The start of a new year and, perhaps more significantly, a new decade is fast approaching – and while many may be thinking ahead to New Year’s Eve plans and well-meaning 2020 resolutions, IQ is casting its mind back to the most pivotal industry moments of the last ten years.

Following on from a strong year in 2014, the live music industry in 2015 continued to go from strength to strength, with fans once again showing willingness to spend money on concert tickets.

After the success of their first all-stadia tour, British boyband One Direction embarked on another mammoth concert tour, which came in at number two on the year-end charts, despite the departure of band member Zayn Malik two months in. The tour was the beginning of the end for the band, which went on indefinite hiatus the following year.

2015 was a busy year in the live business, notably seeing the birth of Tim Leiweke and Irving Azoff’s Oak View Group. It was also the year that the Robert Sillerman’s rebirthed SFX Entertainment began to run into some serious trouble…


2015 in numbers

The top 100 worldwide tours grossed more than US$4.7 billion in 2015, up 14% from the year before but falling short of 2013’s $5bn. Ticket sales were also up, increasing by 16% to 59.7m, again lower than the 2013 total of 63.3m. The average ticket price in 2015 was down $3.30 to $78.80.

Taylor Swift was the top touring artist of the year, grossing $250.4m with her The 1989 world tour. The singer generated nearly $200m in North America alone, smashing the previous record of $162m set by the Rolling Stones in 2005.

One Direction also had a successful year with the On the Road Again tour, coming in behind Swift with year-end gross at $210.2m and selling 2.4m tickets, the most of any artist that year. AC/DC made $180m in ticket sales on their biggest tour to date, with U2’s Innocence + Experience grossing $152.2m and Foo Fighters’ Sonic Highway tour totalling $127m.


2015 in brief

Live Nation takes control of Austin City Limits and Lollapalooza promoter C3 Presents, paying a reported $125m for a 51% stake.

Austrian concert organiser Arcadia agrees a new partnership with four German companies – Four Artists, Chimperator Live, KKT and FKP Scorpio – to found Arcadia Live, a new
concert agency.

Live Nation agrees a joint venture with Thailand-based entertainment firm BEC-Tero.
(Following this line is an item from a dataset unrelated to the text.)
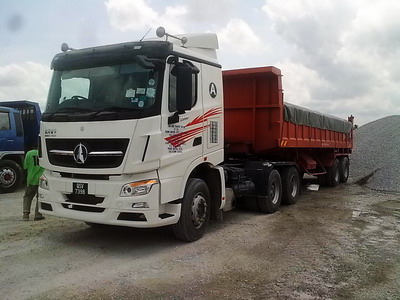 North benz V3 tractor truck with dumper semitrailer in south asia country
The new company, Live Nation BEC-Tero, will promote concerts by Western, J-Pop and K-Pop artists in the region, a pursuit in which BEC-Tero’s concerts division is already a market leader locally.

The Agency Group acquires UK-based electronic music agency Futureboogie, whose roster includes the likes of Bonobo, Crazy P and Nightmares on Wax.

The state of Washington passes a bill to outlaw ticket bots in an attempt to clamp down on the computer software that often prevents humans from buying seats online for concerts and sporting events. The move brings the number of states that have banned bots to 13.

A group of artists including Chris Martin, Calvin Harris, Madonna, Rihanna, Beyoncé, Jay Z, Kanye West, Daft Punk, Alicia Keys, Jack White and Nicki Minaj launch a new streaming service called Tidal, which is described as the first artist-owned platform for music and video.

The O2 arena in London announces that it has sold its 15 millionth ticket. The building, which opened in June 2007, has consistently been the most popular live music venue in the world, with research conducted by Media Insight Consulting claiming that 30% of the UK population has attended The O2 complex at least once.

The decade in live: 2015

One Direction perform on the On the Road Again tour without Malik (© vagueonthehow/Flickr (CC BY 2.0))

ILMC launches the International Festival Forum, which aims to help strengthen the relationship between event organisers and agents. The London-based event is set to feature partner agencies such as Coda, The Agency Group, Primary Talent and X-ray Touring who will showcase festival-ready acts to promoters from around the world.

Australian media company Nine Entertainment sells its live events companies Nine Live and Ticketek to Asian private equity firm Affinity Equity Partners for AUD$640m ($480m).

Sydney-based Soapbox Artists, which grew out of the Australian wing of Ministry of Sound, announces its merger with the Melbourne-based 360 Agency. The combined EDM agencies will be a significant player in the dance market, representing a large roster of DJ and producer talent.

Live Nation acquires a controlling stake in American festival Bonnaroo. Under the terms of the deal, current promoters Superfly and AC Entertainment will continue to programme and run the event.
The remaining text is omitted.